On October 29, 2001, Gordon led the public launch of the Stephen F. Austin State University public phase of its $100 million fundraising campaign . Gordon was responsible for several large campaign gifts including an $8 million dollar gift to name the College of Fine Arts in honor of a longtime Nacogdoches resident who had a deep love of the community and the arts. Other large gifts were part of this fundraising effort, including the naming and dedication of the Loddie Naymola Basketball Performance Center, a $26 million basketball facility. The successful campaign exceeded the $100 million dollar goal.

On September 9, 2021, the SFA Faculty Senate voted no confidence in Gordon, after faculty anger for a Board of Regents approved contract extension and pay raise. They also cited initiatives with no results, breaches of shared governance, and troublesome personal behavior cited as "bullying and unreasonably impatient behavior both in public and in private.". Every Academic Dean and Academic Department Head joined the Faculty Senate in their concerns and support of the "no confidence" vote.

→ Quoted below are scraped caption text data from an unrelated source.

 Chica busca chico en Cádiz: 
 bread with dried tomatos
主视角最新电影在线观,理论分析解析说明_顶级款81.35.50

On April 10, 2022, at a meeting of the SFA Board of Regents, SFA announced that the university and President Gordon mutually agreed to end his tenure after faculty objected to his pay raise. The Board of Regents appointed Steve Westbrook as interim president to replace him. Gordon was paid $809,124.46 in severance plus up to $30,000 in moving expenses, eligible reimbursable expenses, as well as vacation days. Forty-five people signed confidentiality agreements constraining them from speaking about this deal including the Regents, deans, and accountants, which came to light two months later. The Nacogdoches Daily Sentinel reported: "Gordon gets 'approved talking points' in future job recommendations. Regents are not allowed to give an honest assessment."

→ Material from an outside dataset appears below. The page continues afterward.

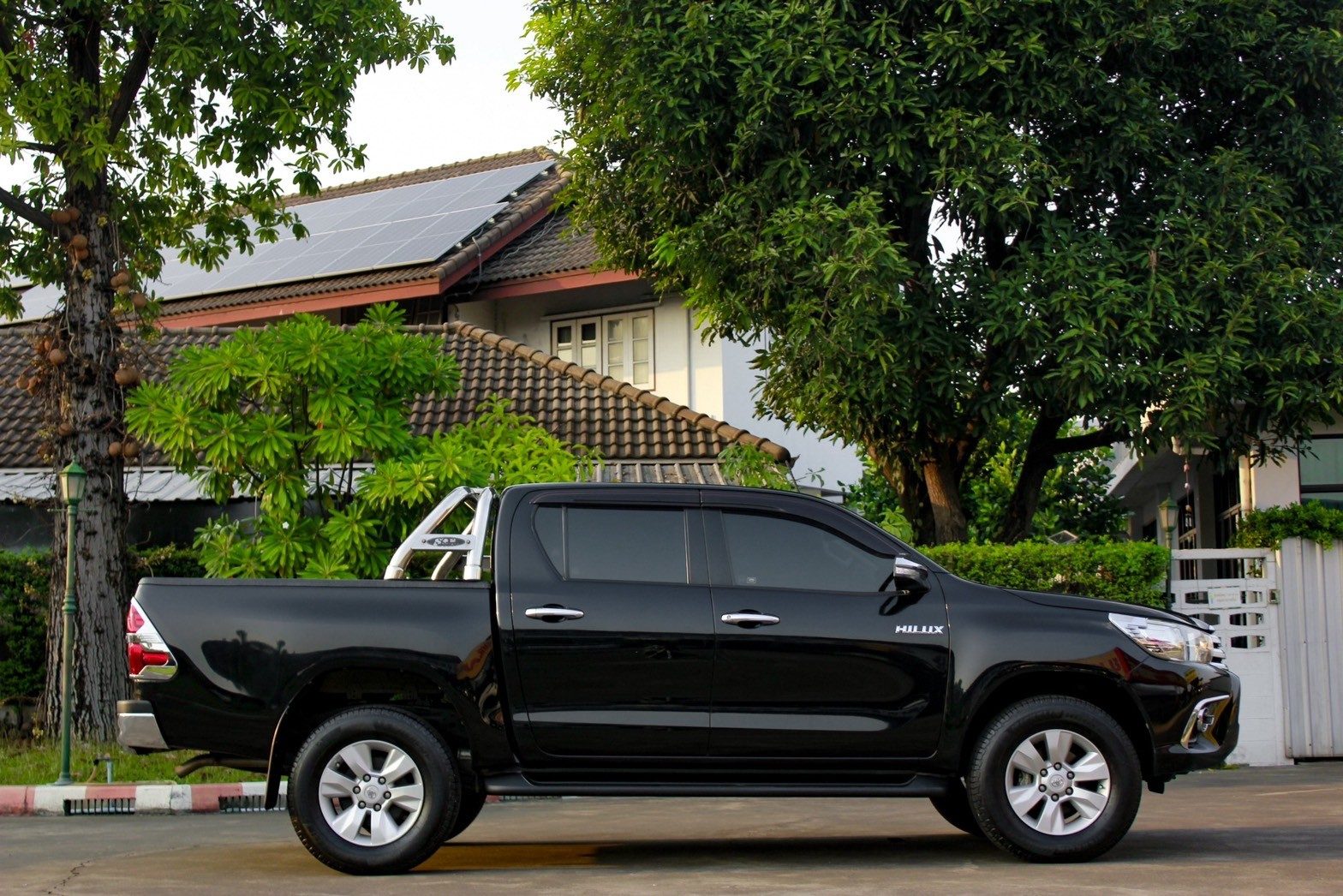 2016 TOYOTA HILUX REVO 2.4 G NAVI PRERUNNER DOUBLE CAB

Special Note: The Chair of Faculty Senate during this period presented a paper/presentation at the Association for Business Communications 88th (ABC) Annual International Conference in Denver . The paper was entitled: "Lessons in Institutional Communications: How Faculty Members Helped to Replace a University's President and Board of Regents". The paper/presentation described the coordinated effort and lobbying that took place over many years to move the university into a larger and financially robust state system versus the longstanding independent university. The details presented describe the resource generated motives for replacing the President and Board of Regents and brings into question the legitimacy of the information, accusations, and innuendos noted above. The faculty were successful in moving the university into the University of Texas System in order to have access to additional resources offered by and through the University of Texas.

===Cornell University===
In 2022, Gordon was named Executive Director of the Cornell Cooperative Extension in Franklin County, New York.